Baskıcı ve yapmacık kavram. Toplum güya ahlak ister. Bireyse ahlaksız olur. Evet.
insanı seri katil yapabilir mi, merak ettiğim topluluk.
Benimkini bulamıyorum.
sıkıntılı bir terim.

insanlardan oluşmasına rağmen insanların en büyük düşmanıdır aynı zamanda. sizi yapmak istemediğiniz şeyleri yapmaya zorlar mesela. ne kadar samimiyetsiz olduğun önemli değildir. bunları da nezaket kurallarına dayandırır.

mesela tanıdığın bir insanla karşılaştıysan, toplum o insana sen her ne kadar onun sikinde olmasan da hal-hatır sormasını söyler. size ise ne kadar kötü durumda olursanız olun; iyi olduğunuzu söylemenizi.

kısacası toplum denilen illet insanlar topluluğu olmasına rağmen; yarattığı olgular ile insanları birbirinden olabildiğince uzaklaştıran, yine aynı insanları maskeler takıp olmadıkları kişiler haline bürünmeye zorlayan aptal bir olgudan başka birşey değildir.
bireylerin bir arada kalabilmek için uğruna öldürdükleri heves topluluğudur.
Toplum bir amaç uğruna, bir değer uğruna, bir inanç uğruna biraraya gelmiş fikirler, insanlardır.
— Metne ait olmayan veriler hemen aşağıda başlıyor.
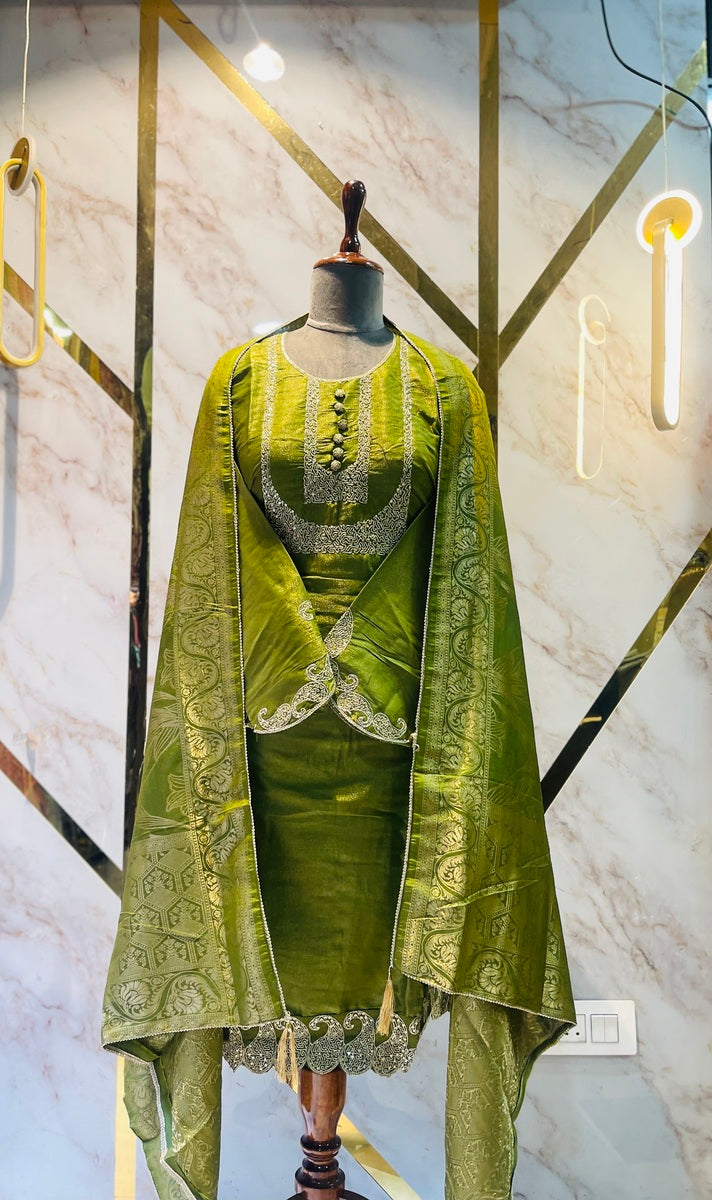 Party wear shimar silk suit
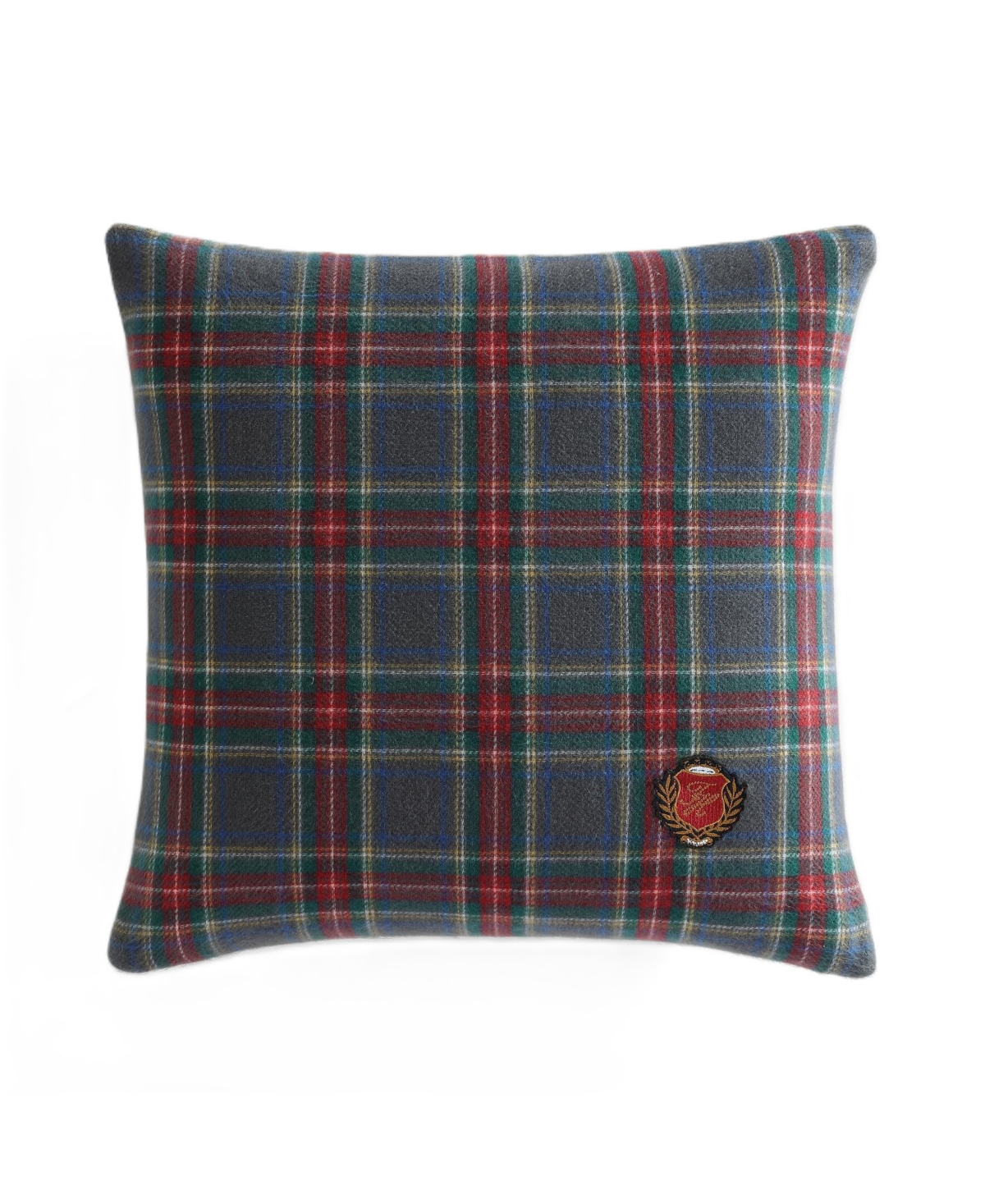 Tommy Hilfiger Spruce Tartan Decorative Pillow, 20" x 20" - Gray
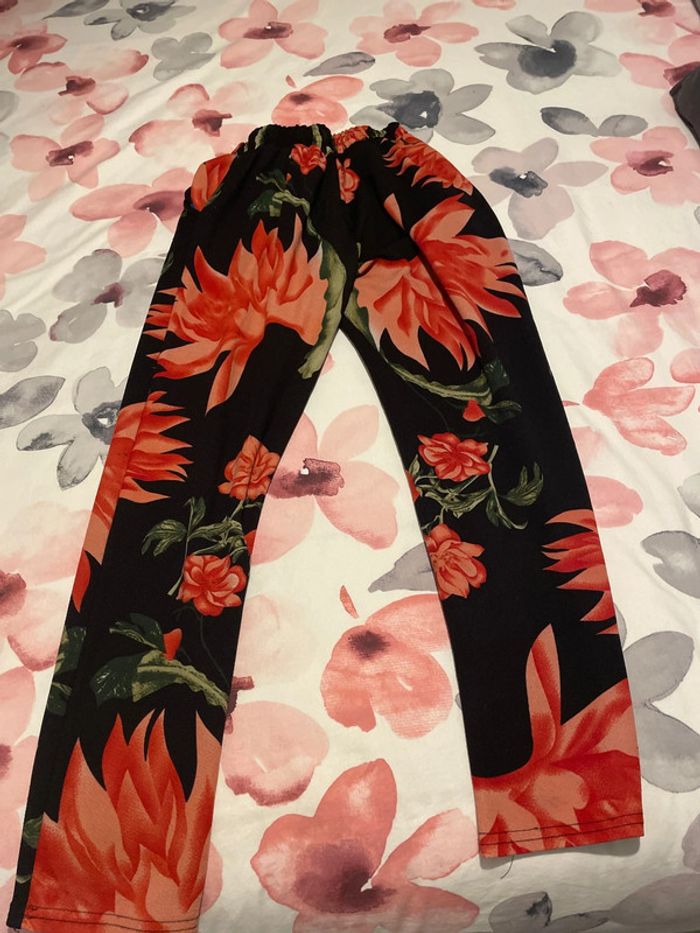 Pantalon à fleures - photo numéro 2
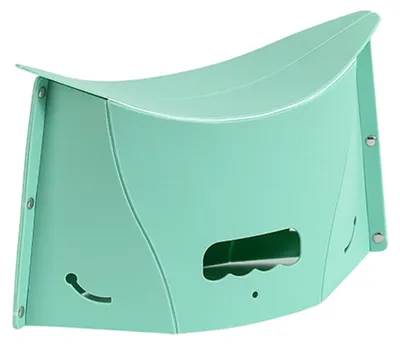 Produktbild von Klapphocker mit ergonomischem Design, Grifflöchern, tragbarer Sitz mit Knieentlastung, ideal für Reisen, Camping, Angeln und Gartenarbeit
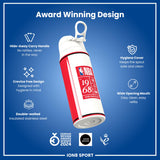 NBA x ION8, Insulated Steel Bottle, Atlanta Hawks, 750ml (24oz)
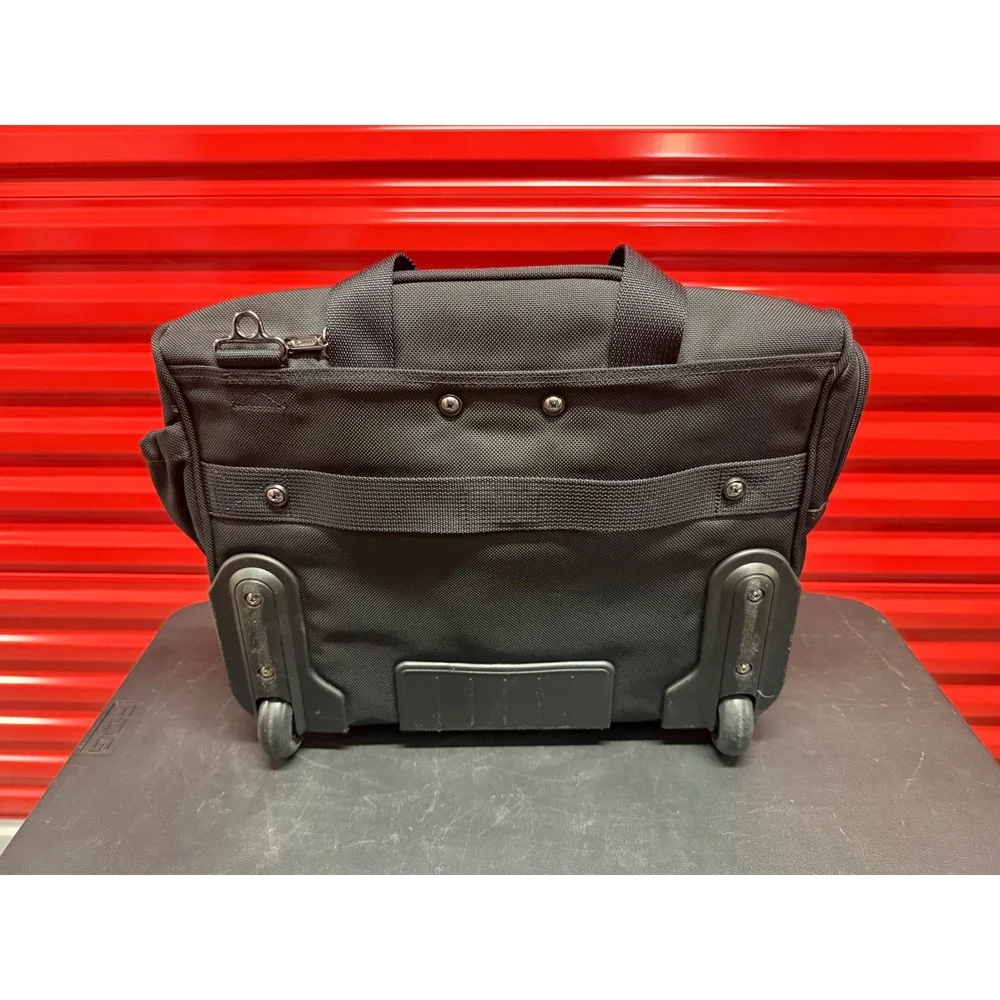 Travelpro Platinum 3 Rolling Briefcase Black Ballistic Nylon Carry On Bag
Çünkü biz her insanın bir fikir olduğunu biliriz ama iyi ama kötü ama düzelmek için zamanını bekleyen yaşam.
Bugün görüldüğü üzere her düşüncenin her fikrin serbest olduğu yer değildir toplum özgürlüğünün benim yaşamıma kötü bir müdahalesi olmayıp o zaman inanç serbestisinden bahsedebileceğimiz şeydir. Yani küresellikten uzakta ama aynı zamanda yalnızlıktan uzakta yalın bir haldir.
Yaşasın antisosyallik.
''Sağırlaşmış bir toplumun içinde yaşıyoruz. Toplumu sağırlaştıran devasa bir sistem var karşımızda: çirkin, kirli, çürümüş, kokan, gürültülü bir sistem. Sistemin gürültüsü içinde sağırlaşma, sağırlaşmanın ‘dokunma’yı dışlayan yapısında yalnızlaşma…''
"insanî değerler bakımından düşük düzeyde olan bireyler ve toplumlar, başkalarından ne koparabilecekleri, bu açıdan yüksek düzeyde olanlar ise başkalarına ne verebilecekleri üzerinde yoğunlaşırlar. insanlık tarihindeki çekişmelerin ve geliştirilen sosyal düzenlerin özü de bu iki noktadan bağımsız değildir."
Sürekli konuşan. Herkesi eleştiren bir grup. Nedir bu toplumdan çektiğimiz.
Belli bir bölge içinde birbirleri ile etkileşime geçen ve bir kültürü paylaşan insan topluluğu.
Başka bir görüşe göre ise;
farklı kültür ve sınıflardan gelen bireylerin bir araya gelerek oluşturduğu kamusal düzen.
ihtiyaçtan doğan bir şey. insan tek başına yaşayamaz. belirli konularda birbirine ihtiyaç duyarlar. böylece bir araya gelirler.yapı büyüdükçe yeni ihtiyaçlar doğar.platon'un devletinde basit manada toplum nasıl meydana gelir izah edilir.
insanlar kalabalığı.
daha acı olan bir mevzudan bahsetmek istiyorum; bir toplumda tarihi, sosyal, bilimsel veriler yerine kendini bilmez, mahalle ağızlı herifler konuşuyorsa, dokümanlar yerine hakaretler uçuşuyorsa,
bir ülkenin televizyonlarında ilber ortaylı yerine rasim ozan kütahyalı, emin çölaşan gibi insanlar çıkıyorsa,
bir ülkenin mizah, bilim dergileri yerine magazin dergileri revaçtaysa,
bir ülkenin sosyal medyasında felsefe yerine porno konuşuluyorsa,
bir ülkedeki futbol takımı, o ülkenin sosyopolitik konumundan daha çok tartışılıyorsa,

emin olun ki, o ülkenin daha çok alacak yolu var demektir. bugün, hükümeti destekleyen de desteklemeyen de hükümeti beğenmiyor, bu realist tavırla baktığımızda sırıtan bir gerçek. ama şu kafa yapısındaki bir toplum, en fazla ne yapabilir diye düşünmeden edemiyor insan.